(Web page caption snippets)
=== Section Start ===

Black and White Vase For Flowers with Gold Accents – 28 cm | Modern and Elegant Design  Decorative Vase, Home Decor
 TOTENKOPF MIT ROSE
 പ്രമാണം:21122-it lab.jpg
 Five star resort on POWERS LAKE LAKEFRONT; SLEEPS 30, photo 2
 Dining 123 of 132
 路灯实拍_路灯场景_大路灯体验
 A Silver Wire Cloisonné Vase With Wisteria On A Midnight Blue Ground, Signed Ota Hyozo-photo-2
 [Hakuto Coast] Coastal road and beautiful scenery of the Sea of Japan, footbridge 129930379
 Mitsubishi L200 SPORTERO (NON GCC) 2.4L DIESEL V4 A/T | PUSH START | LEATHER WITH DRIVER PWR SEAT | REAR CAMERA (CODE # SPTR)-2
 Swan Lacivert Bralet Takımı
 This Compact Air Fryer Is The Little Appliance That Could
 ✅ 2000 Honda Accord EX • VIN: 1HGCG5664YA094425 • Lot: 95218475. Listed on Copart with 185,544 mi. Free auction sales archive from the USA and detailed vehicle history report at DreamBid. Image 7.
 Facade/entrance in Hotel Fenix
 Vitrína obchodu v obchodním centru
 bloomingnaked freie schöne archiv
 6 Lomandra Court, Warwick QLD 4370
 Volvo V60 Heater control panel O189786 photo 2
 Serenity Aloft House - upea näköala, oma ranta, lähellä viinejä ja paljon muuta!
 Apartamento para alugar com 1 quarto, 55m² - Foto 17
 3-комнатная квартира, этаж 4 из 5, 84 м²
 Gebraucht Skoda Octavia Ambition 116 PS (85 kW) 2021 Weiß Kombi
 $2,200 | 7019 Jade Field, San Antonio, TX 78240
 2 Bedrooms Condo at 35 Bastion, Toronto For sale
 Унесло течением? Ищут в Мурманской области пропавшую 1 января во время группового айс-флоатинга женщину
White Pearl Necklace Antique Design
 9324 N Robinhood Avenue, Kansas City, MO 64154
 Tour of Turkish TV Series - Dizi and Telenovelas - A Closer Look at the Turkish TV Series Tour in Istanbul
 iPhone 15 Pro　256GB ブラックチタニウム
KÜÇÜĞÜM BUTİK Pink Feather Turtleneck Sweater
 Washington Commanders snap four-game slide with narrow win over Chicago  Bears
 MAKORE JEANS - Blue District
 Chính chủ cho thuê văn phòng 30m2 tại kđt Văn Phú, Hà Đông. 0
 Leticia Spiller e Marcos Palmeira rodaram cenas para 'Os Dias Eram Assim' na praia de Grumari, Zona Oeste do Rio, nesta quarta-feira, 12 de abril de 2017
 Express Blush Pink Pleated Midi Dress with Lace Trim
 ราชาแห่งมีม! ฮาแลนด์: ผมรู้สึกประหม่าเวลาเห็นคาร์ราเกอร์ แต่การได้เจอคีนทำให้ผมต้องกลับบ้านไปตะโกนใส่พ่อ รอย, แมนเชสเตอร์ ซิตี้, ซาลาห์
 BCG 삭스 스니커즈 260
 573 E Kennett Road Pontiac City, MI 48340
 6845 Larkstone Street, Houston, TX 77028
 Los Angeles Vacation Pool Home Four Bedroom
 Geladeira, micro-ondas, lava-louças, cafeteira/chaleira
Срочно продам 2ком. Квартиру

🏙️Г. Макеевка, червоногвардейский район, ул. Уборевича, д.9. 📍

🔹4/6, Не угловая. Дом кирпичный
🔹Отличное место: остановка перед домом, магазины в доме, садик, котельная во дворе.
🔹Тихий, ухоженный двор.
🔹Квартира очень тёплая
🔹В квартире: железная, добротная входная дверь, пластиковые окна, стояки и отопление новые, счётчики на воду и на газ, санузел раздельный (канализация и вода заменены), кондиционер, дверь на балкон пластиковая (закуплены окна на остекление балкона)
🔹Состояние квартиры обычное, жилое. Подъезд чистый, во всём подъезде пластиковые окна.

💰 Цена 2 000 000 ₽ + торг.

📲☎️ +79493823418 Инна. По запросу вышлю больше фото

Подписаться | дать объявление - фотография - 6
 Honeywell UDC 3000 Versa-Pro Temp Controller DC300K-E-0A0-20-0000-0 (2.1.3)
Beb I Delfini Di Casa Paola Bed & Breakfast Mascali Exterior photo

=== Section End ===

WORK REQUEST:
Please copy exactly the lines from the first line of the records above through the line containing "MAKORE JEANS - Blue District", including both, and nothing more.

PROBLEM SOLUTION:
Black and White Vase For Flowers with Gold Accents – 28 cm | Modern and Elegant Design  Decorative Vase, Home Decor
 TOTENKOPF MIT ROSE
 പ്രമാണം:21122-it lab.jpg
 Five star resort on POWERS LAKE LAKEFRONT; SLEEPS 30, photo 2
 Dining 123 of 132
 路灯实拍_路灯场景_大路灯体验
 A Silver Wire Cloisonné Vase With Wisteria On A Midnight Blue Ground, Signed Ota Hyozo-photo-2
 [Hakuto Coast] Coastal road and beautiful scenery of the Sea of Japan, footbridge 129930379
 Mitsubishi L200 SPORTERO (NON GCC) 2.4L DIESEL V4 A/T | PUSH START | LEATHER WITH DRIVER PWR SEAT | REAR CAMERA (CODE # SPTR)-2
 Swan Lacivert Bralet Takımı
 This Compact Air Fryer Is The Little Appliance That Could
 ✅ 2000 Honda Accord EX • VIN: 1HGCG5664YA094425 • Lot: 95218475. Listed on Copart with 185,544 mi. Free auction sales archive from the USA and detailed vehicle history report at DreamBid. Image 7.
 Facade/entrance in Hotel Fenix
 Vitrína obchodu v obchodním centru
 bloomingnaked freie schöne archiv
 6 Lomandra Court, Warwick QLD 4370
 Volvo V60 Heater control panel O189786 photo 2
 Serenity Aloft House - upea näköala, oma ranta, lähellä viinejä ja paljon muuta!
 Apartamento para alugar com 1 quarto, 55m² - Foto 17
 3-комнатная квартира, этаж 4 из 5, 84 м²
 Gebraucht Skoda Octavia Ambition 116 PS (85 kW) 2021 Weiß Kombi
 $2,200 | 7019 Jade Field, San Antonio, TX 78240
 2 Bedrooms Condo at 35 Bastion, Toronto For sale
 Унесло течением? Ищут в Мурманской области пропавшую 1 января во время группового айс-флоатинга женщину
White Pearl Necklace Antique Design
 9324 N Robinhood Avenue, Kansas City, MO 64154
 Tour of Turkish TV Series - Dizi and Telenovelas - A Closer Look at the Turkish TV Series Tour in Istanbul
 iPhone 15 Pro　256GB ブラックチタニウム
KÜÇÜĞÜM BUTİK Pink Feather Turtleneck Sweater
 Washington Commanders snap four-game slide with narrow win over Chicago  Bears
 MAKORE JEANS - Blue District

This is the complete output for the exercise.